Ethiopie: après les télécoms, l’Etat ouvre le secteur bancaire aux investisseurs étrangers

Addis-Abeba, capitale de l'Ethiopie.

Le 05/05/2023 à 09h36

Deux ans après l’ouverture du secteur des télécommunications à des capitaux étrangers, l’Ethiopie a décidé d’octroyer, dans le secteur bancaire, des licences à des investisseurs internationaux d’ici à 2028. Une mesure qui vise à encourager les investissements étrangers et à stimuler la croissance économique du pays.

La libéralisation du secteur bancaire éthiopien avance à grands pas. Addis-Abeba délivrera jusqu’à cinq licences bancaires à des investisseurs étrangers au cours des cinq prochaines années. C’est ce qu’a déclaré le vice-gouverneur de la banque centrale éthiopienne (National Bank of Ethiopia) Solomon Desta, mercredi 3 mai, selon l’agence Reuters.

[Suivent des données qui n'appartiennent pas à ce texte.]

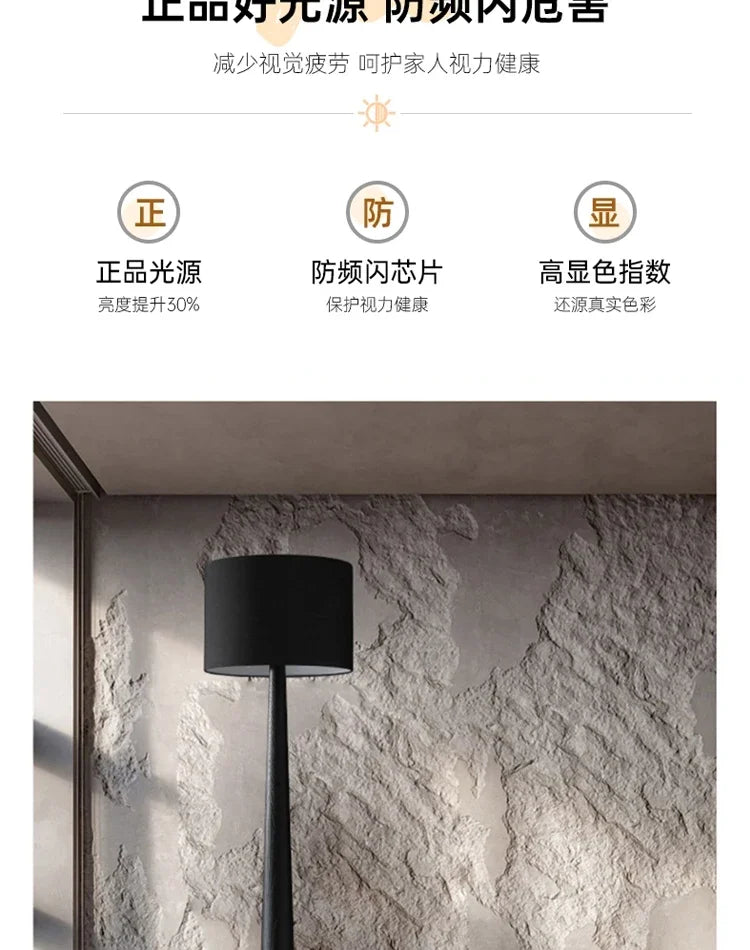 Sofa Side Wall Corner Standing Lamp for Living Room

D’après lui, cette mesure entre dans le cadre d’un programme d’ouverture du secteur des services financiers à la concurrence étrangère. «Les investisseurs étrangers disposent de différentes options pour entrer dans le secteur, notamment la formation de coentreprises avec des acteurs nationaux ou la création de filiales locales», précise-t-il.

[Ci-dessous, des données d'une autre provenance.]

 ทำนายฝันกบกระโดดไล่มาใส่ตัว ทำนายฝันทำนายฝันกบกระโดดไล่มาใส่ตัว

Cette annonce marque un tournant majeur dans la stratégie d’ouverture du secteur bancaire éthiopien évoquée ces dernières années par de hauts responsables du pays. Déjà en février 2022, le Premier ministre éthiopien Abiy Ahmed avait annoncé que son gouvernement préparait «un amendement à la politique bancaire qui permet aux investisseurs étrangers de prendre des parts dans les banques éthiopiennes. Une fois que les conditions préalables seront remplies et que les banques préparées, nous l’appliquerons», avait-il déclaré.

Sept mois plus tard, en septembre, les choses s’accélèrent. Le Conseil des ministres adopte un document relatif à la nouvelle politique de libéralisation du secteur bancaire éthiopien dénommée «Banking Business Proclamation». Ce dernier autorise les banques étrangères à acquérir des participations allant jusqu’à 30% du capital des banques éthiopiennes. Toutefois, la participation maximale que les banques locales peuvent céder aux investisseurs étrangers ne peut excéder 40%. Cette libéralisation bancaire ne sera effective qu’après l’adoption, par le Parlement, de cette nouvelle loi bancaire prévue d’ici fin 2023.

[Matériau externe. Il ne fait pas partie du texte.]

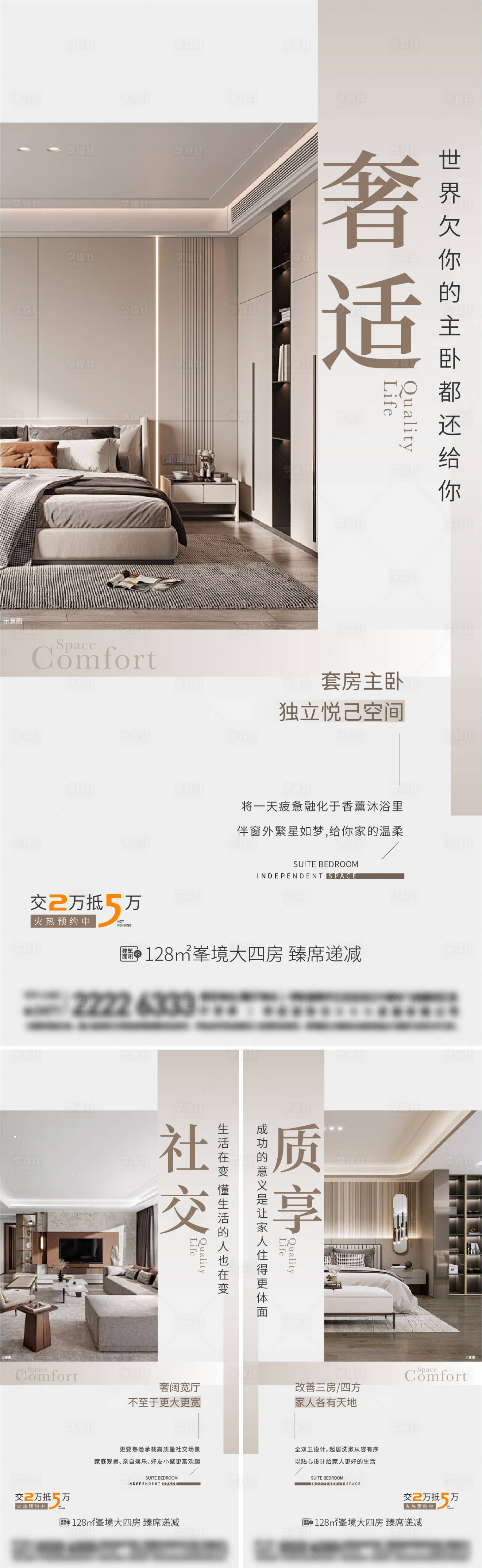 源文件下载【地产户型价值点系列海报】编号：44600024755831957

Une chose est sûre. Ces déclarations du vice-gouverneur de la National Bank of Ethiopia devraient ravir de grandes banques africaines comme le groupe sud-africain Standard Bank, l’Egyptien Commercial International Bank (CIB), ou encore la Kenya Commercial Bank (KCB) qui ont des visées sur ce secteur depuis longtemps. Trois établissements qui ont déjà ouvert des bureaux de représentation en Ethiopie, respectivement fin octobre 2015, avril 2019 et juin 2019. Paul Russo, PDG de la KCB, avait même annoncé, début avril 2023, avoir entamé des négociations avec trois banques éthiopiennes pour l’acquisition d’une banque locale. Le groupe marocain Attijariwafa bank, qui a acquis, depuis octobre 2019, une participation majoritaire dans la banque rwandaise Cogebanque, pourrait également être intéressé par cette libéralisation bancaire à Addis-Abeba.

Ces banques pourront ainsi rivaliser dans ce secteur qui regroupe 29 banques commerciales, dominé par l’entreprise publique Commercial Bank of Ethiopia qui totalise 16 millions de clients et des actifs d’une valeur totale d’environ 17,7 milliards de dollars.

Cette accélération du projet de libéralisation du secteur bancaire intervient deux ans après l’ouverture du celui des télécommunications. Le gouvernement éthiopien avait entamé la libéralisation du secteur des télécommunications en accordant une licence à un consortium privé dirigé par l’entreprise kenyane Safaricom, le britannique Vodafone, et le japonais Sumitomo, pour un montant de 850 millions de dollars.

L’objectif étant de briser le monopole de l’entreprise publique Ethio Telecom. Le pays a également lancé un processus d’appel d’offres pour céder une participation de 45% d’Ethio Telecom et délivrer une troisième licence de télécommunications. Une décision qui faisait suite à la promesse de l’Etat de libéraliser des secteurs auparavant contrôlés par des entreprises publiques afin de stimuler les investissements étrangers et la croissance économique du pays.